The consortium of 11 companies - known as Japan H2 Mobility - aims to reduce the costs of installing and maintaining hydrogen refuelling stations, among other objectives.
It targets to have 80 new hydrogen stations by fiscal 2021 - in addition to the current 101 that have been built, planned or are undergoing construction by individual companies, president Hideki Sugawara said on Monday (March 5).
This is in line with national targets set last year for 160 stations by 2020, and 900 by 2030.
Tokyo also wants to increase the number of FCVs on its roads to 40,000 units by 2020, and to 800,000 units by 2030.
The hope is that more advanced technology and better cost efficiencies can help to drive consumer interest, with refuelling costs expected to be slashed by a third by 2030, Mr Sugawara said.
The joint venture company will also work to reduce the burden on infrastructure companies to build and maintain hydrogen stations through private and public funds.
Each station now has a price tag of 500 million Japanese yen (S$6.3 million), about five times the cost of a petrol station. Talks are ongoing to secure other investors.
The government plans to have at least 100 hydrogen-powered buses ferry athletes between venues at the 2020 Tokyo Olympic Games, in a show of Japan's concerted push towards adopting clean energy.
Yet, its current domestic take-up rate for FCVs, dubbed by Prime Minister Shinzo Abe as the "ultimate eco-car", has been slow. Only 2,400 such vehicles ply the roads - four years since Toyota became the world's first carmaker to mass produce such cars and two years after Honda entered the market.
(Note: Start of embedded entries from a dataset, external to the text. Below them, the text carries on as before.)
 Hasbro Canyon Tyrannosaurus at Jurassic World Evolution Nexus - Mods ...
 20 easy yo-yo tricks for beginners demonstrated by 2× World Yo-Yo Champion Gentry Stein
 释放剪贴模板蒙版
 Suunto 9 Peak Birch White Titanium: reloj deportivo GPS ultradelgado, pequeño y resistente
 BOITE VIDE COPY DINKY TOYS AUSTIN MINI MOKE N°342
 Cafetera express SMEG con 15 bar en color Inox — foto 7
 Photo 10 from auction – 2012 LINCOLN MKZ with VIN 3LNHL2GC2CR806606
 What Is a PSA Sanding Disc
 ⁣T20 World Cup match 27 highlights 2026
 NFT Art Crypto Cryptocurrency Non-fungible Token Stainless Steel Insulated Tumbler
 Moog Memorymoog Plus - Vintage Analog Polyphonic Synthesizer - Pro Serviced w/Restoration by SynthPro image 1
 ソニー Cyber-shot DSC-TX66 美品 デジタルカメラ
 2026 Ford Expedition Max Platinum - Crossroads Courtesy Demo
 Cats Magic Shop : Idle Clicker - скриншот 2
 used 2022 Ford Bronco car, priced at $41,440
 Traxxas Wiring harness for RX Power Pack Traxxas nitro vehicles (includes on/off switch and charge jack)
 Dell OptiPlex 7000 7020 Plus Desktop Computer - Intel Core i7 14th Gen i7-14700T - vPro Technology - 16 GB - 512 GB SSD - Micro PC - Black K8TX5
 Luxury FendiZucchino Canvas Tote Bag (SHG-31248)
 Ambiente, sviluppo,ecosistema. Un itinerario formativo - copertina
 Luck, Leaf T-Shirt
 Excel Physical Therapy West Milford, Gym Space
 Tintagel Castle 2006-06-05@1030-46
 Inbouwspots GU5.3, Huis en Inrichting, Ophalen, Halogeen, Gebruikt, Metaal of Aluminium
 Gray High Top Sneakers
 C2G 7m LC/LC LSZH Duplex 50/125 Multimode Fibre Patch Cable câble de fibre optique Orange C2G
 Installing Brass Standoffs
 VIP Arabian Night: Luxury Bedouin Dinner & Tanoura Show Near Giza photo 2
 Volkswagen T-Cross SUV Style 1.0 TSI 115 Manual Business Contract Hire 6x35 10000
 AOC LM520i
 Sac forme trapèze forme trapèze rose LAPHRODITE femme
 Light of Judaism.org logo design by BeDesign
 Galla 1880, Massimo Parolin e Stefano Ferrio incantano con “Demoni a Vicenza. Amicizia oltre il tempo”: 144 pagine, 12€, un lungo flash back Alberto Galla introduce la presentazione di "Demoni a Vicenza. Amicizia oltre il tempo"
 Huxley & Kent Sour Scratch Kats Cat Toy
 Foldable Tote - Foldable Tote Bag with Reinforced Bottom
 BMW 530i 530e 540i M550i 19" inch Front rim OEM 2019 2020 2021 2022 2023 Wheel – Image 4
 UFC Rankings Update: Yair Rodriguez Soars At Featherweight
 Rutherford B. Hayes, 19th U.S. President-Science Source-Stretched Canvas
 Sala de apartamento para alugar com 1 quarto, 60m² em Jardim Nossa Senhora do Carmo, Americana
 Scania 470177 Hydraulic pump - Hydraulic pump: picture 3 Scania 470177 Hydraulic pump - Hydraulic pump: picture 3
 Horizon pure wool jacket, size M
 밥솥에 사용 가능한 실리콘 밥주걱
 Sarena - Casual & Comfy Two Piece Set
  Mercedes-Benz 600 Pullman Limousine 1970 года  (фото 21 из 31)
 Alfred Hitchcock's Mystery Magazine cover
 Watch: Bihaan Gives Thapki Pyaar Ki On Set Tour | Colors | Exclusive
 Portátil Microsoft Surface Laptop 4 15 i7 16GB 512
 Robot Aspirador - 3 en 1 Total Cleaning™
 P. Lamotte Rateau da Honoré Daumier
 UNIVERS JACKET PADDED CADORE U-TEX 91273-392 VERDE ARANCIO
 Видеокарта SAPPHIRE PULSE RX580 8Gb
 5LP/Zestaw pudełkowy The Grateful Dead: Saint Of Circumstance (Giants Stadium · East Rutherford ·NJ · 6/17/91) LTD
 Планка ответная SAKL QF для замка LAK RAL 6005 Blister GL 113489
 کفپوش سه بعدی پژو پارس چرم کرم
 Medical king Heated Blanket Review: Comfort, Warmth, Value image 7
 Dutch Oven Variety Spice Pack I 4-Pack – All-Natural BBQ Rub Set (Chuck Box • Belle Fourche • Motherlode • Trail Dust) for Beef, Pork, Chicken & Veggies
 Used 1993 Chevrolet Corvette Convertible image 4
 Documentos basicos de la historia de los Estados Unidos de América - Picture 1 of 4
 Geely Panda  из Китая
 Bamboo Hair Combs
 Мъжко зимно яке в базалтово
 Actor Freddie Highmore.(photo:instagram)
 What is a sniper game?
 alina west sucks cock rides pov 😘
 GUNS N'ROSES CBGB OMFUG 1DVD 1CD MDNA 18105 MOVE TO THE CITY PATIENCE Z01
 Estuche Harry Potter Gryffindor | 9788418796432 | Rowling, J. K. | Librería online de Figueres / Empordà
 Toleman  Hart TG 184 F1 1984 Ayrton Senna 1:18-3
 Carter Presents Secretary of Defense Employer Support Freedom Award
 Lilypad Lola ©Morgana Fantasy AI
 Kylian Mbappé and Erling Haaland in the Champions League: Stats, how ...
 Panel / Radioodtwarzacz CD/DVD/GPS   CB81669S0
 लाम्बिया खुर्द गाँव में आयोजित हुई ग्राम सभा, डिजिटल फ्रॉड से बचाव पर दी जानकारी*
Industry leaders spelt out a chicken-and-egg problem at a news conference on Monday. Demand for FCVs, seen as expensive and inconvenient, cannot grow without an adequate network of hydrogen refuelling stations which, by themselves, are white elephants with a lack of demand.
This led the 11 Japanese companies to band together to rev up national efforts to drive down the costs in installing and maintaining hydrogen stations.
The companies include three of Japan's motoring giants - Toyota, Honda and Nissan. There are also six major energy companies including JXTG Nippon Oil & Energy, Idemitsu Kosan and Air Liquide Japan. Also represented are trading firm Toyota Tsusho, and the government-backed Development Bank of Japan.
FCVs tap hydrogen and oxygen to power themselves. The only by-product is water, which can be discharged from the vehicle as vapour. As it is, Japan is already two years behind its initial target of 100 hydrogen stations by March 2016.
JXTG senior vice-president Yutaka Kuwahara, whose company runs about 40 per cent of Japan's hydrogen stations, said construction has been slowing due to a lack of users and the high building costs.
When asked how the new alliance will improve the situation, he said: "We need to lower the costs to remove the bottlenecks of high construction and operational costs, and in this sense, the joint venture marks a new 'all-Japan' business model."